Earnings before interest, taxes and depreciation and amortization (”EBITDA”) for the six months ended June 30, 2006 increased 14% to $2,769,774 as compared to $2,437,533 for the same period in 2005. EBITDA for the trailing twelve months ended June 30, 2006 and 2005 was $5,244,983 and $4,129,536, respectively, a 27% increase.

The Company affirms its guidance issued on March 30, 2006 that gross revenues, consisting primarily of monthly recurring revenue (MRR), will increase by 34% to $30,000,000 while also projecting a 29% increase in earnings to $1,200,000 for the year ending December 31, 2006. This projection does not assume any contribution to anticipated results from future acquisitions.

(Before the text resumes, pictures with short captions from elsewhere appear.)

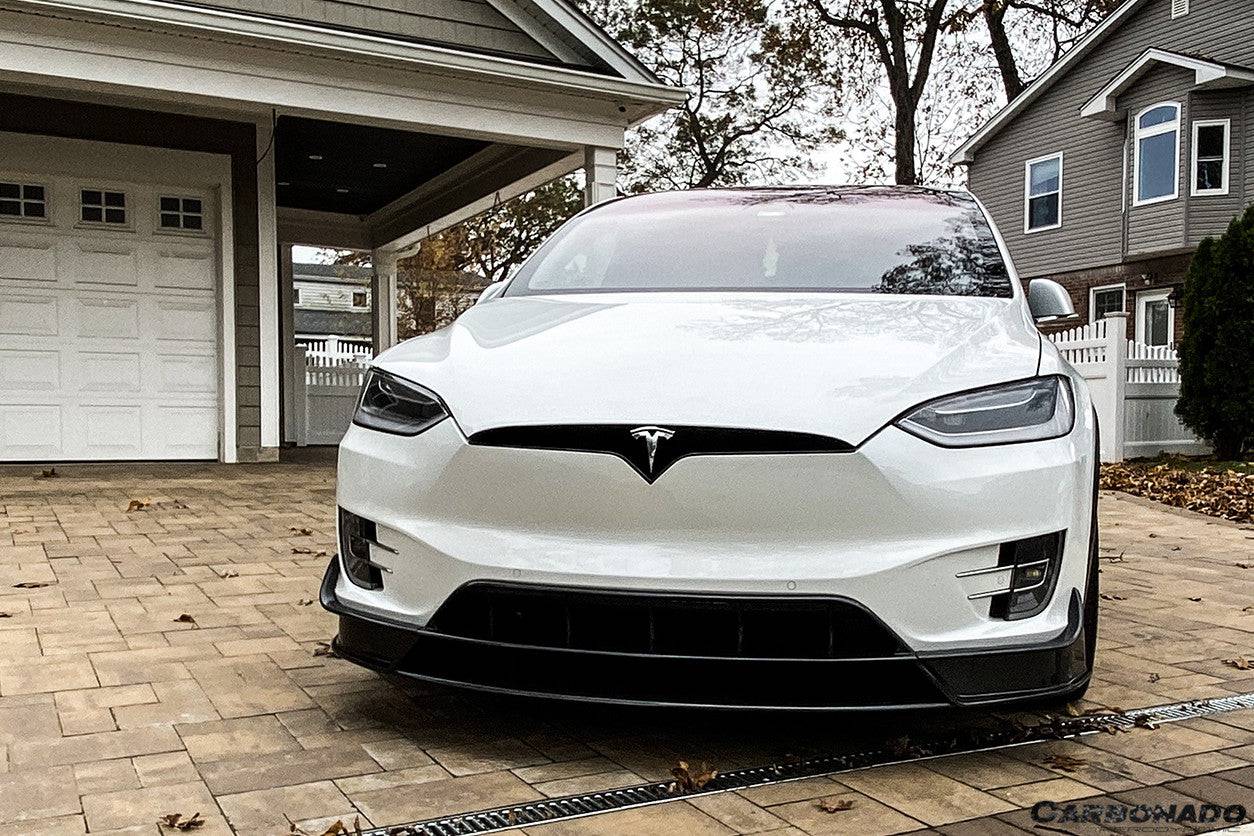 Carbonado 2016-2021 Tesla Model X SUV RZS Style Carbon Fiber Front Lip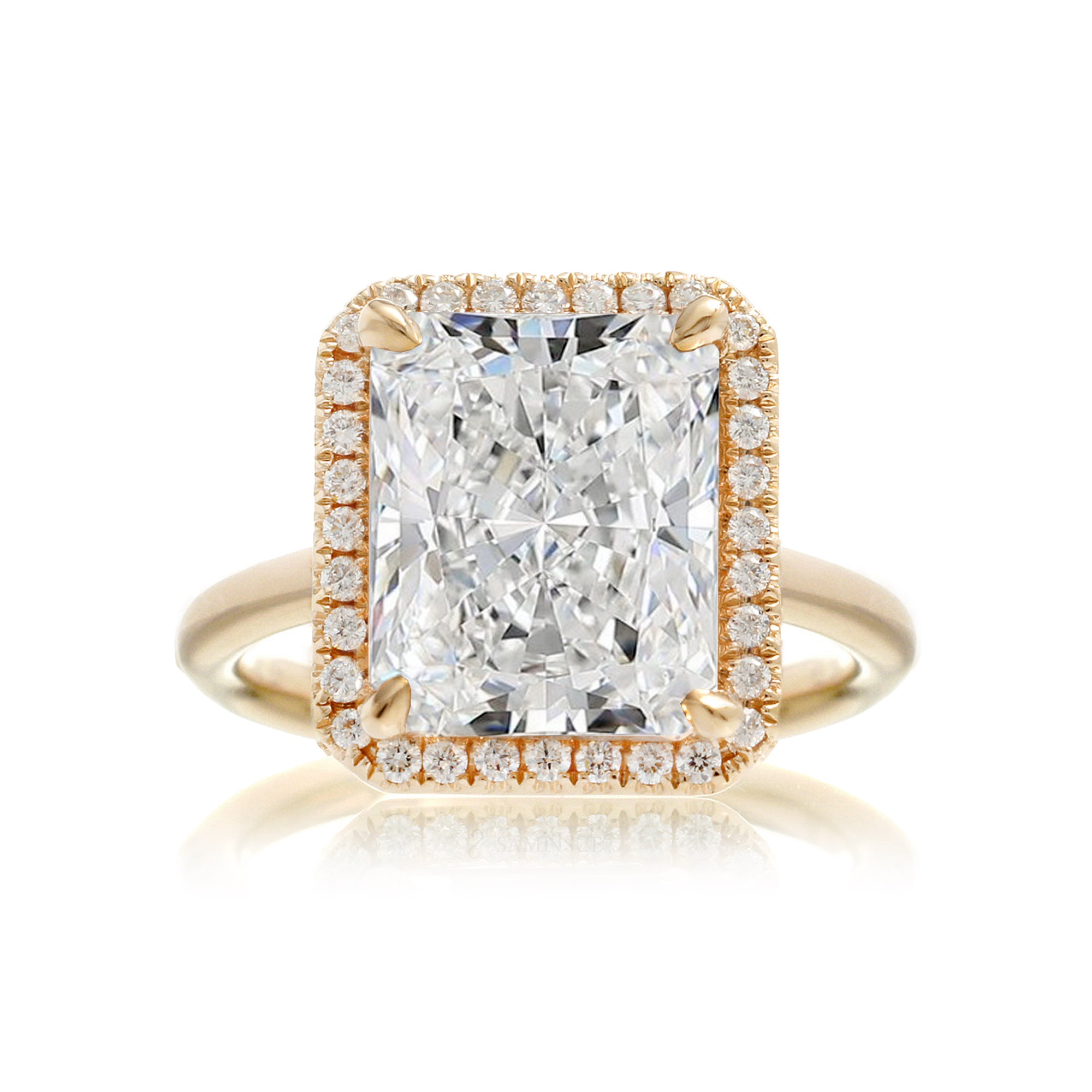 Radiant cut engagement ring with diamond halo and band the Drenched yellow gold solid band
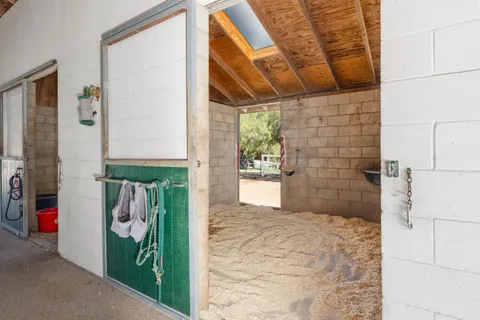 a view of field with trees in the background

Howard M. Siegel, Chairman and Chief Executive Officer commented, “The value of the Company’s diversified business model provides the opportunity to invest in our business, allowing us to maintain and grow our market position in each business unit. The TBCS division is making significant progress to integrate technologies to foster company-wide cross platform expansion in support of our primary goal to become the dominant provider of medically oriented, call center solutions. The second quarter also marked the completion of management’s consolidation of our HSMS engineering and fulfillment capability to the Long Island City operations hub from which additional efficiencies are anticipated. We further believe ongoing developments in technology will create new opportunities to increase traction within the HSMS division.”

About American Medical Alert Corp.

AMAC is a healthcare communications company dedicated to the provision of support services to the healthcare community. AMAC’s product and service portfolio includes Personal Emergency Response Systems (PERS) and emergency response monitoring, electronic medication reminder devices, disease management monitoring appliances and healthcare communication solutions services. AMAC operates seven communication centers under local trade names: HLINK OnCall, Long Island City, NY, North Shore TAS, Port Jefferson, NY, Live Message America, Audubon, NJ, ACT Teleservice, Newington, CT and Springfield, MA, MD OnCall, Cranston RI and Capitol Medical Bureau Rockville, MD to support the delivery of high quality, healthcare communications.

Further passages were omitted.